Monday, January 16, 2012

Hello Digital Civilization community. I'm Gabriel, but you can call me Gabe. I'm a late addition to this class, but glad to be here nonetheless. Ariel--we go way back--got me interested in this class. I'm not always certain that much of what people post on their blogs is worth anyone's time (it is so precious.) But I readily acknowledge that there are some posts that are valuable additions to the potion of humanity that they reach. I am not certain that my own posts will be worth your reading, but I they may well be. Uncertainty is before us. Anyway, I'm not the one in charge of your time. I'm just going to throw what I've got into our conversations and see what happens.
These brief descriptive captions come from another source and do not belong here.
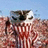A pixelated image shows a figure with dark hair and light skin holding a large, striped object against a blue sky background.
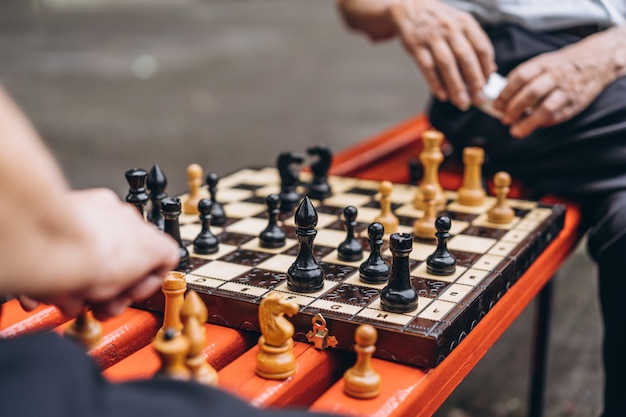 Two senior men playing chess on the bench outdoors in the park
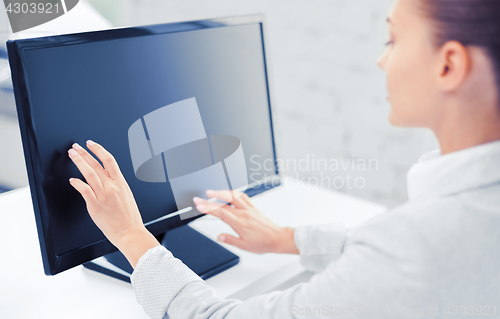 Image of smiling businesswoman with touchscreen in office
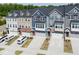 Aerial view of the townhomes with front garages and driveways in a well-planned community at 805 Grafton Peak Lane Ln, Apex, NC 27523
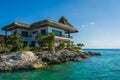 Thatched house on the rocks by the sea Royalty Free Stock Photo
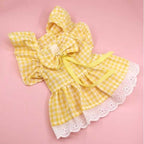 Sunny yellow gingham dress for dogs with eyelet lace trim and front bow detail
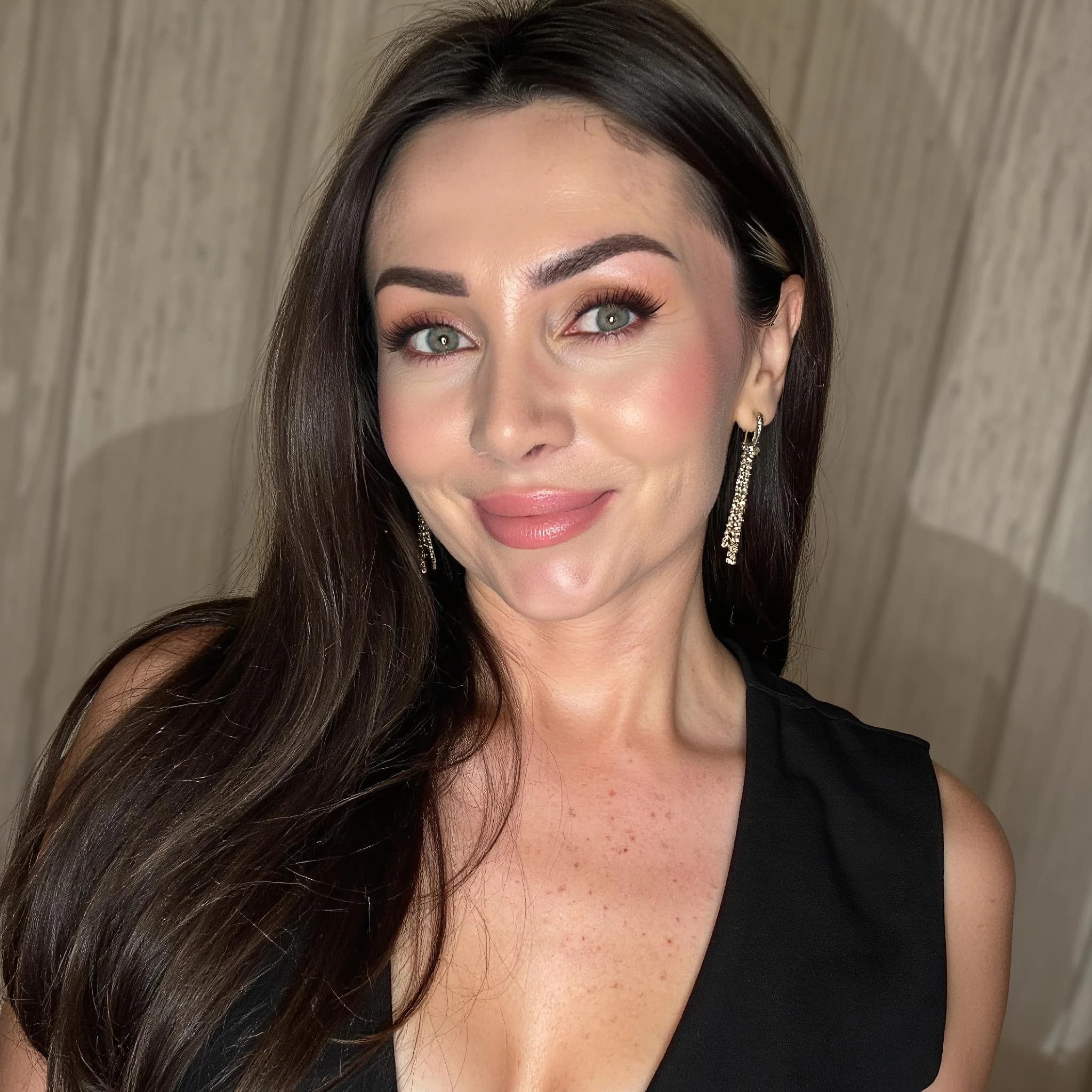 Professional headshot example: Woman Indoor Black Top Smiling 4 — LinkedInHeadshots.ai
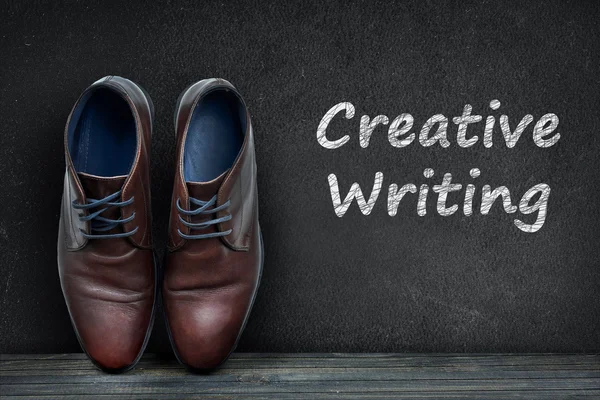 Creative Writing text on black board and business shoes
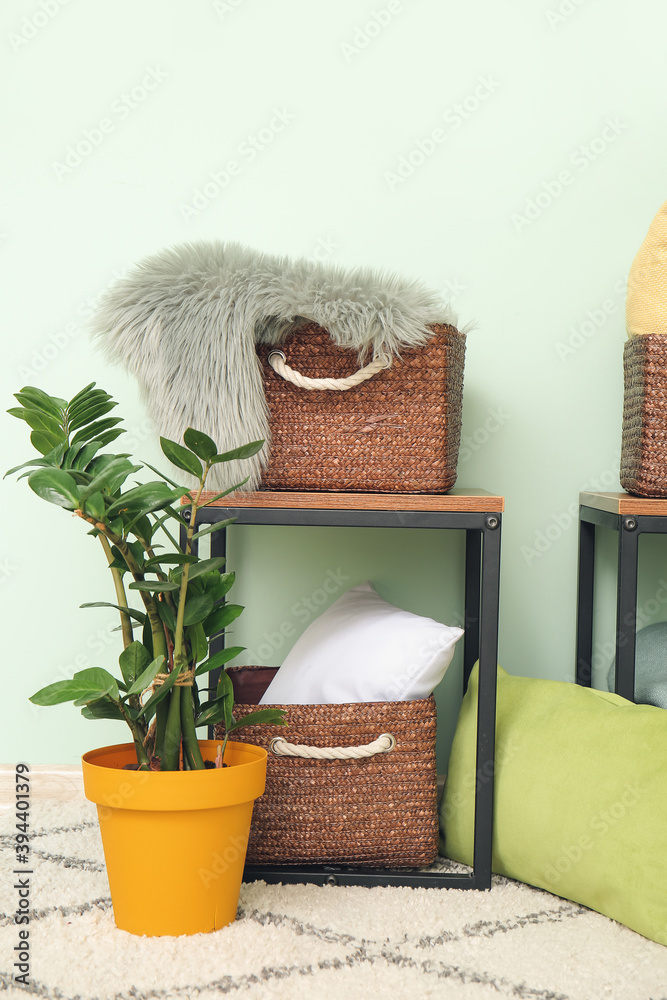 Wicker baskets with pillows, plaid and houseplant in room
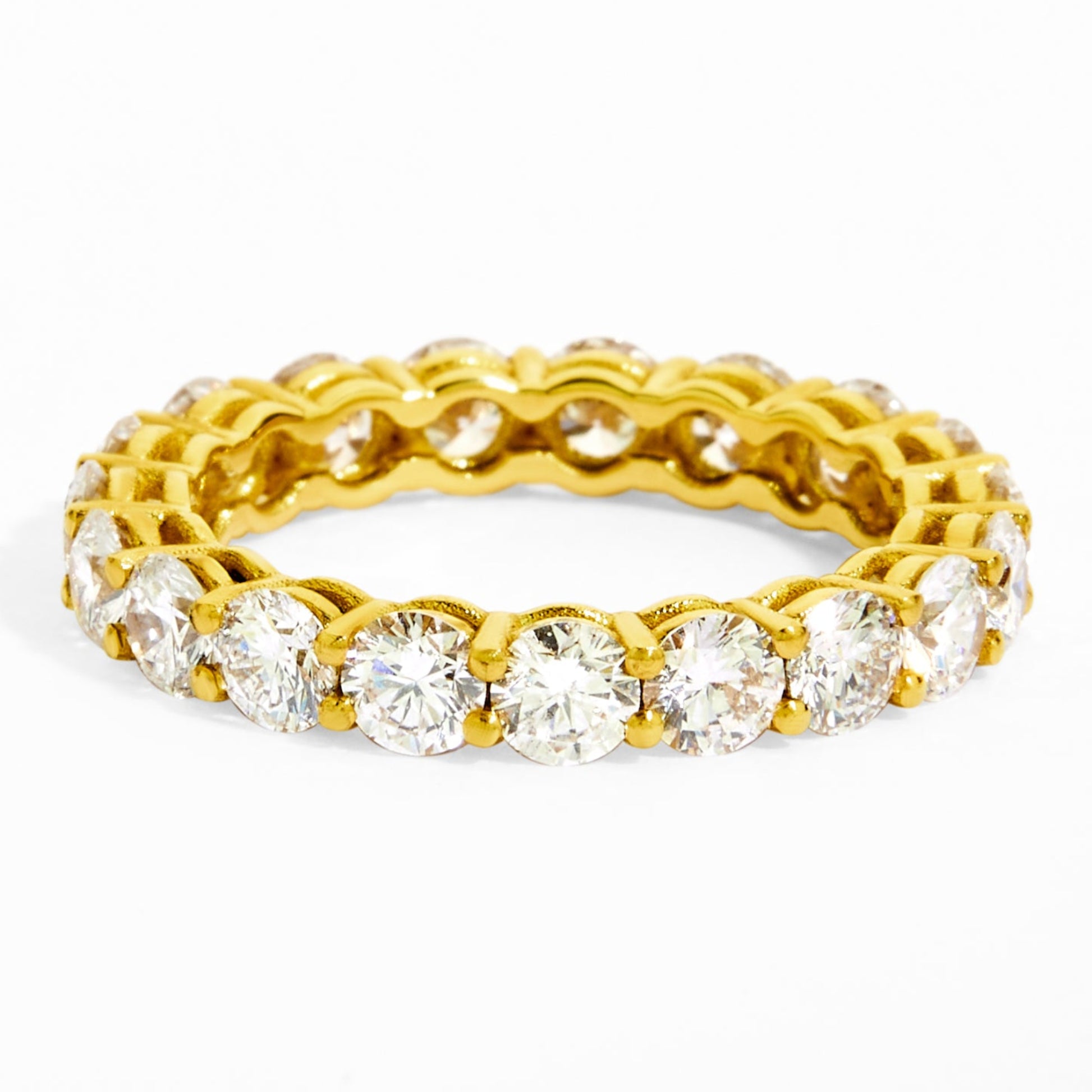 Gold ring with embedded diamonds on a white background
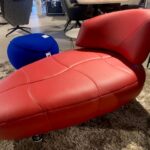 Rode fauteuil met unieke vorm, naast een blauwe poef, showroommodel met 30% korting, nu €3000,-.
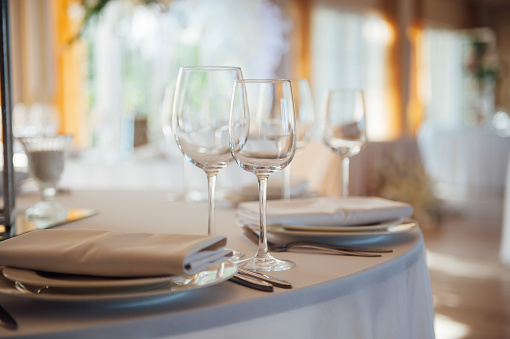 Luxurious restaurant. Luxurious interior, white tables, serving dishes and glasses for guests.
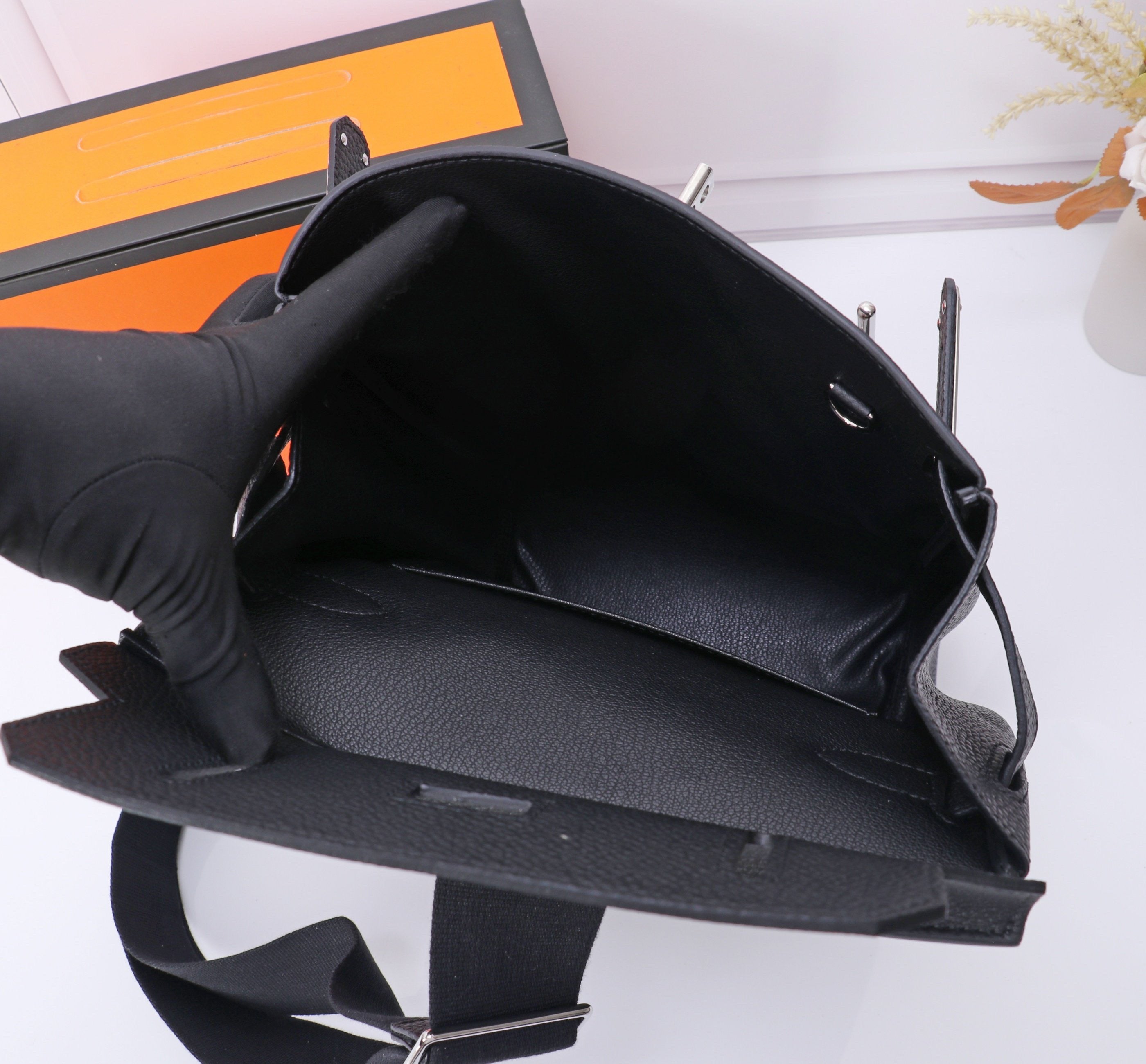 HAC A DOS PM BACKPACK 28 IN BLACK TOGO LEATHER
So, the 17th century...Good times. I don't know much about it specifically off of the top of my head.

So after a brief refresher by Wikipedia's 17th Century page, I still feel fairly uninformed about the subject. Colonization of the Americas--that was big. The North American colonies that would become the United States of America are a hopeful element In bitter contrast is the exponential expansion of the slave trade. It was bad in North America but nowhere near as bad as the South American mining outfits. Some great thinkers came during the 1700s. Sir Isaac Newton's laws of physics and articulation of the influence of gravity were, of course, scientific breakthroughs on a grand scale. Only within the last century--with the studies done in modern physics--are we beginning to see holes in his principles.



Control. That's my digital studies topic. It's a "tale as old as time" [thank you, Disney, for this great phrase.] After all, the issue of who's in control (agency) a central part of the War in Heaven, a war that continues in our lives today? But more directly, the issue of digital control appears to be the biggest--or second biggest, after hacking and other forms of digital sabotage--threat to the infrastructure of the Internet. Already lawmakers have displayed an unsettling willingness to barrel into digital rights issues (specifically whether producers or consumers control online content) with guns blazing at the encouragement of big media lobbyists. SOPA, an act Congress is considering, represents a futile attempt to solve control issues using ineffective means which will have many bad consequences, such as making U.S. based web sites less competitive internationally. Also, from time to time enterprising businessmen suggest the idea of dividing Internet traffic into a (over-simplified terminology warning) slow lane and a fast lane, leaving the faster connection rates for those who will pay for it. I don't know how much of a real threat it is.

There is no question that producers of media and data need some protection of their work. Wikileaks is an example of the "ultimate freedom for consumers" mantra carried to damaging extremes. And it's wrong to steal the hard-earned creations of our generation's great songwriters and filmmakers. Perhaps the most promising developments come from creative business models like Spotify and Pandora. These services are getting royalty money into producers' hands while providing the free content consumers demand (and can have illegally instantly). That helps the music industry, but there's no such software poised to provide the same service to filmmakers. YouTube enjoys a monoploy as the web's free video collection, and since recent court disputes with Viacom and others have gone their way, their hegemony is unlikely to end anytime soon.